In a preliminary study of the skin microbiome, increased levels of R. glutinis were detected on lesional skin of four untreated, early-stage patients, with only background levels seen in controls, suggesting a potential link between disease etiology and the skin microbiome [14]. Unfortunately, a direct assessment regarding the etiologic nature of this organism was not possible here due to differences in the two patient cohorts, both in terms of prior treatment and disease duration. The majority of early-stage patients described here were not receiving immunosuppressive therapy at the time of biopsy, though all were receiving treatment for SSc-associated symptoms, including vascular symptoms and gastrointestinal reflux. In contrast, five of six late-stage patients (disease duration > 5 years) were untreated at the time of biopsy, consistent with the more quiescent nature of the disease in this population. Rhodotorula sequences were consistently detected in both SSc and controls, though these levels never rose above the background noise. Such an observation indicates that while Rhodotorula may be increased in very early disease, colonization does not persist over time.

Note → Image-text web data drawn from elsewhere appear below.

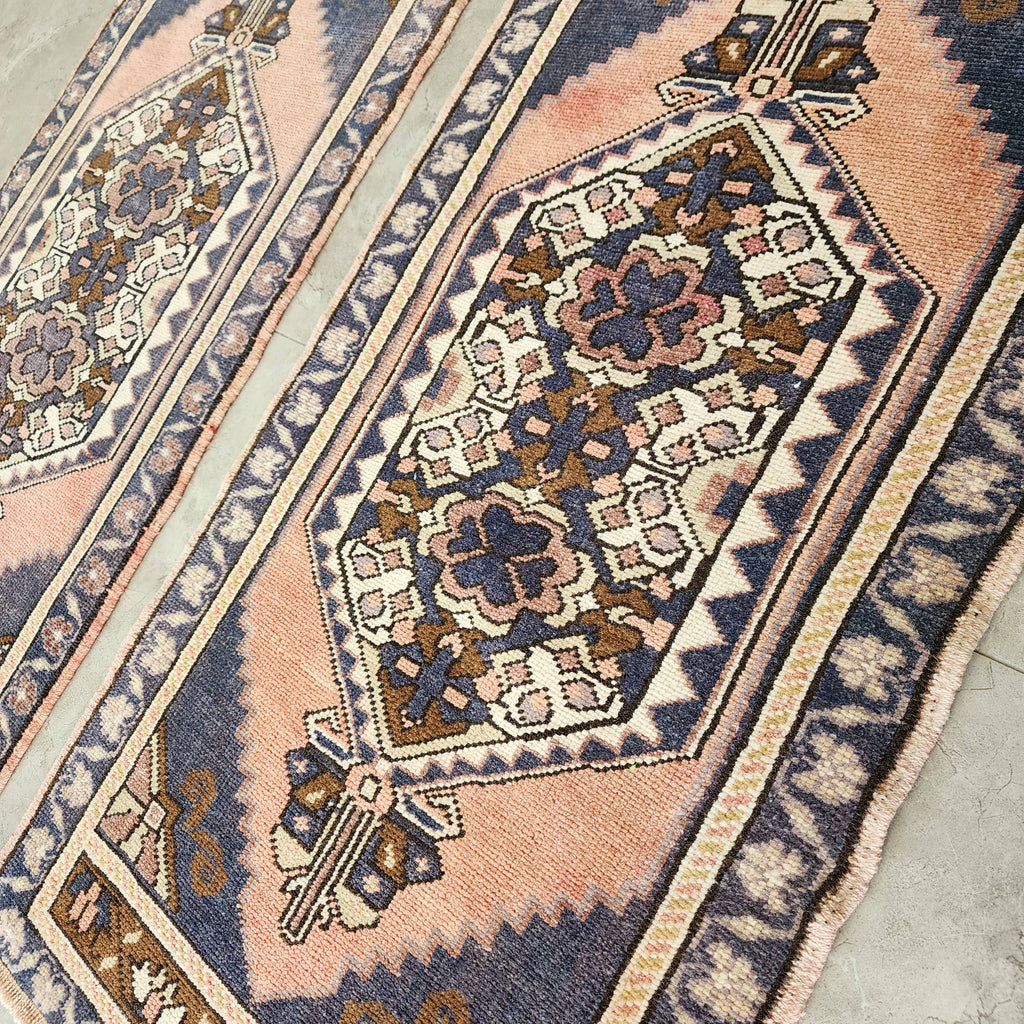 Vintage Türk Yastık Halı 2'li Set 58 x 108 cm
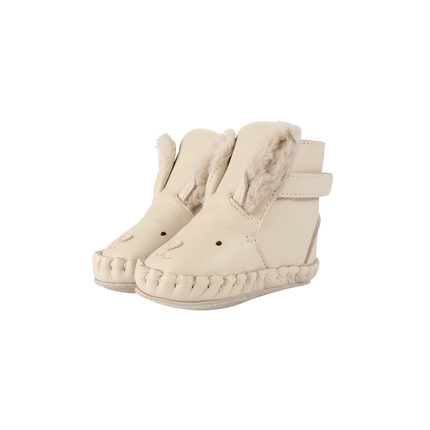Kapi Exclusive Booties | Rabbit | Cream Leather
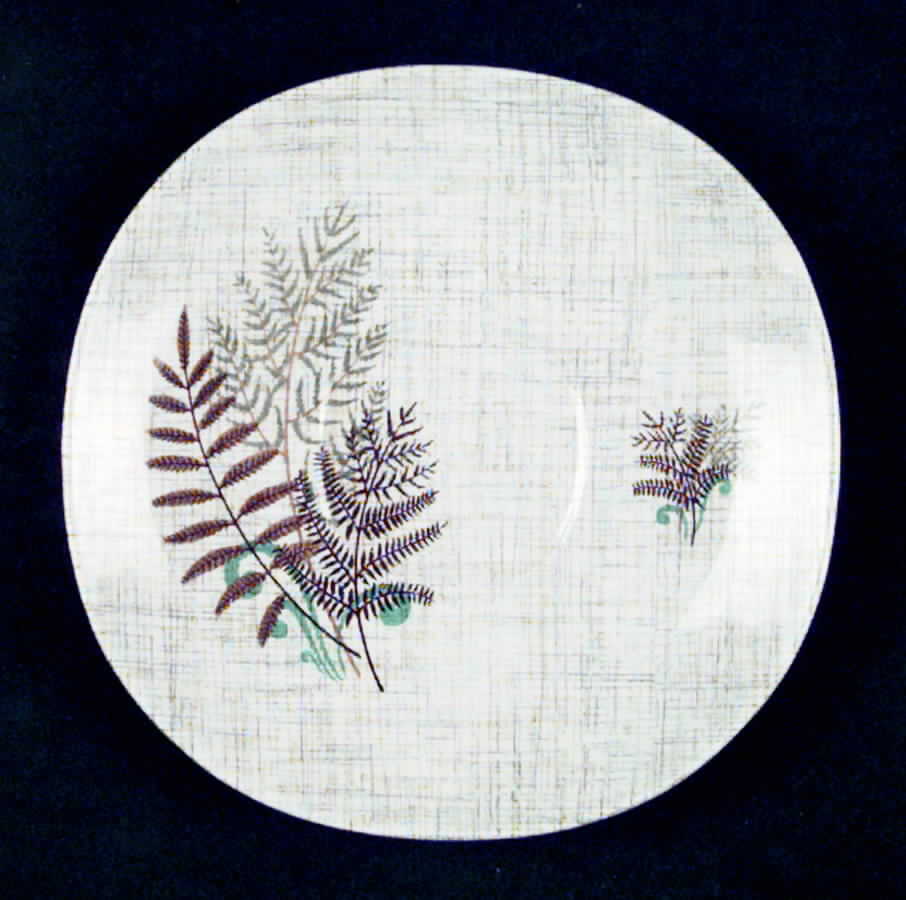 Rock Fern Saucer by J & G Meakin-1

Few viral pathogens were detected in our cohort, with no reads associated with EBV, parvovirus B19, or CMV identified in lesional skin. In contrast, we did consistently identify sequences associated with Roseolovirus, a genus which contains both human Herpesviruses (HHV) 6 and 7, which exhibited modest increases in inflammatory SSc patients. As EBV (HHV4), CMV (HHV5), and Roseolovirus are all members of the Herpesvirus family, detection of active viral transcription in inflammatory lesional skin does suggest a potential link between life-long latent viral infections and disease pathology, though further studies will be necessary to prove such an association.

Conclusions

The data presented here demonstrate a possible mechanistic link between SSc skin microbiome composition and disease pathology, with a loss of skin appendages and lipid signaling leading to decreases in lipophilic taxa, and a shift to a largely Gram-negative environment. Host-microbiome studies will be necessary to assess the extent to which the microbiome shapes SSc-associated gene expression and vice versa.